Copy out the data from the line containing "زعيم حركة النهضة" to its last line, exactly. No pictures.

▶ _Source material_
· · · · ·

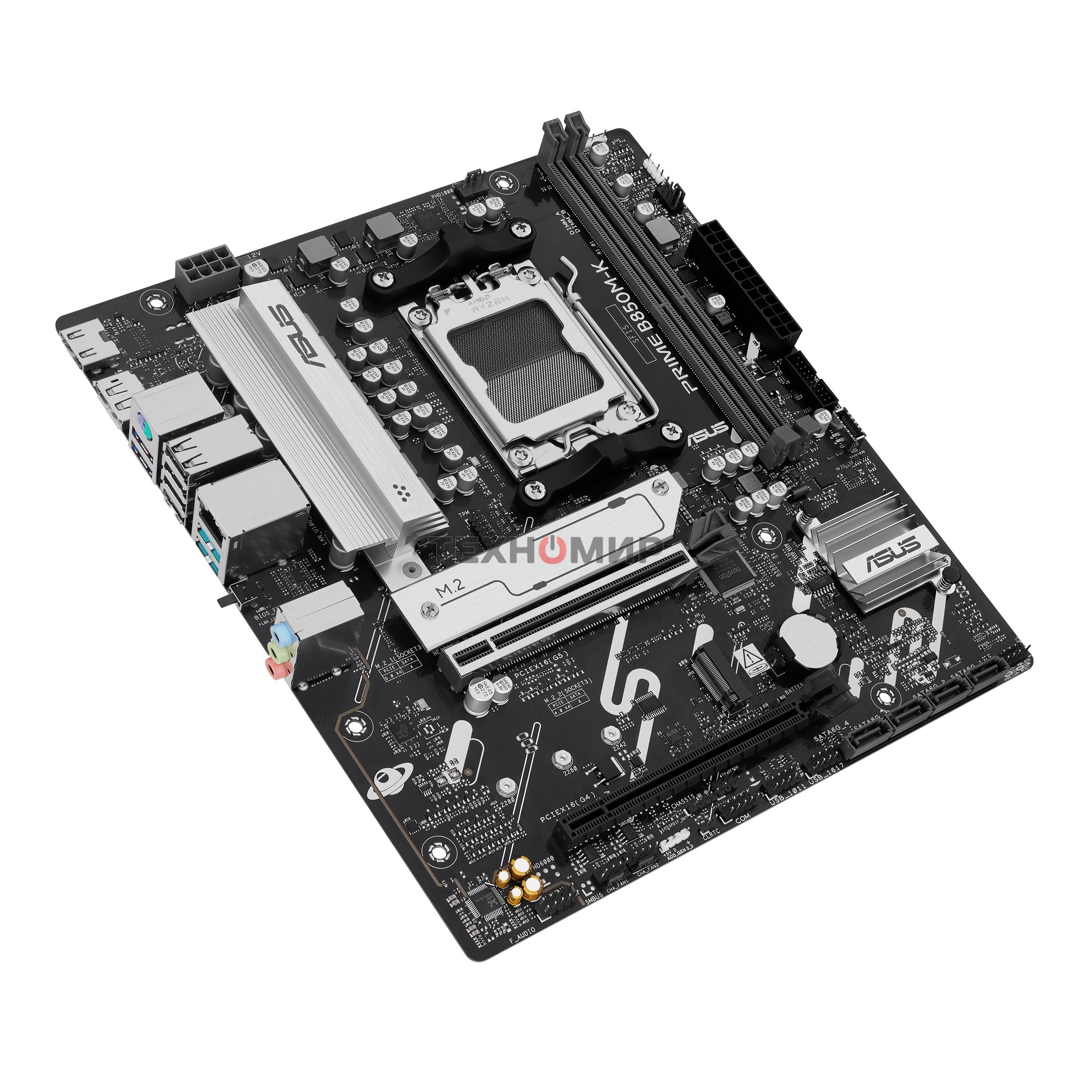 Материнская плата ASUS PRIME B850M-K, AM5, AMD B850, 2xDDR5, 4xSATA, 2xM.2, 1xPCIe 5.0 x16, 1xPCIe 4.0 x8, 1xDP, 1xHDMI, 1x2.5Gb LAN, 2xUSB-A 10Gbps, 2xUSB-A 5Gbps, 4xUSB-A 2.0, 1xPS/2, 3x3.5 мм, 7.1, mATX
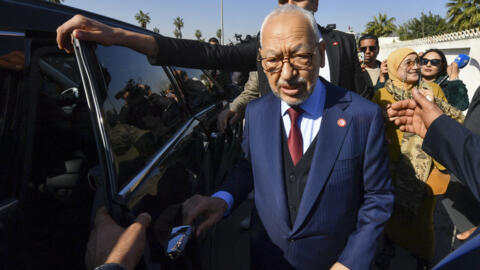 زعيم حركة النهضة التونسية راشد الغنوشي، 21 شباط/ فبراير 2023.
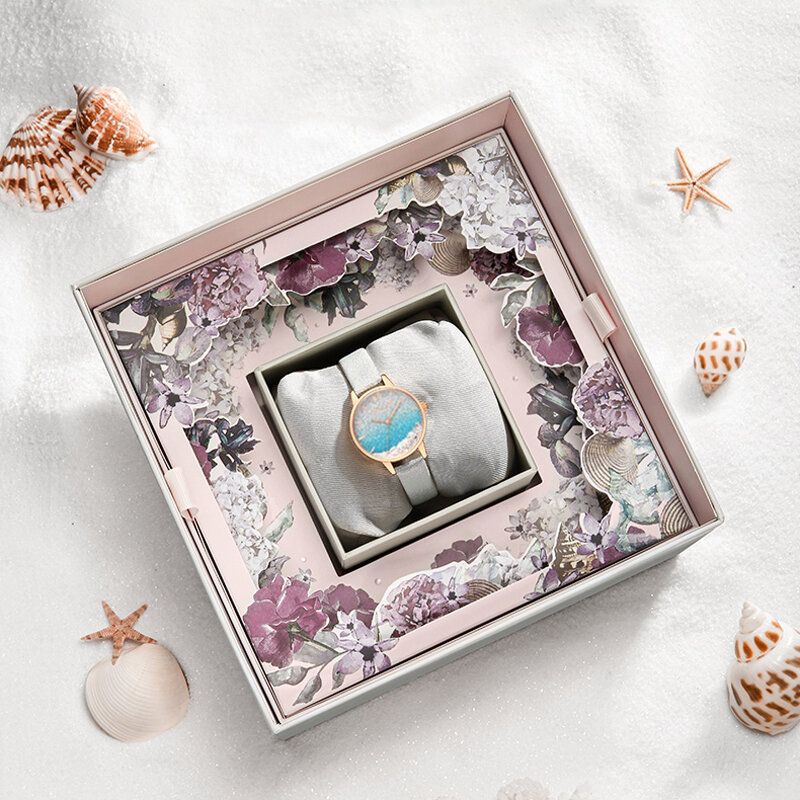 A0901 Reloj De Mujer De Moda Reloj De Cuarzo Femenino Con Correa De Cuero Elegante Y Creativo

· · · · ·

▶ _Exercise solution_
 زعيم حركة النهضة التونسية راشد الغنوشي، 21 شباط/ فبراير 2023.
 A0901 Reloj De Mujer De Moda Reloj De Cuarzo Femenino Con Correa De Cuero Elegante Y Creativo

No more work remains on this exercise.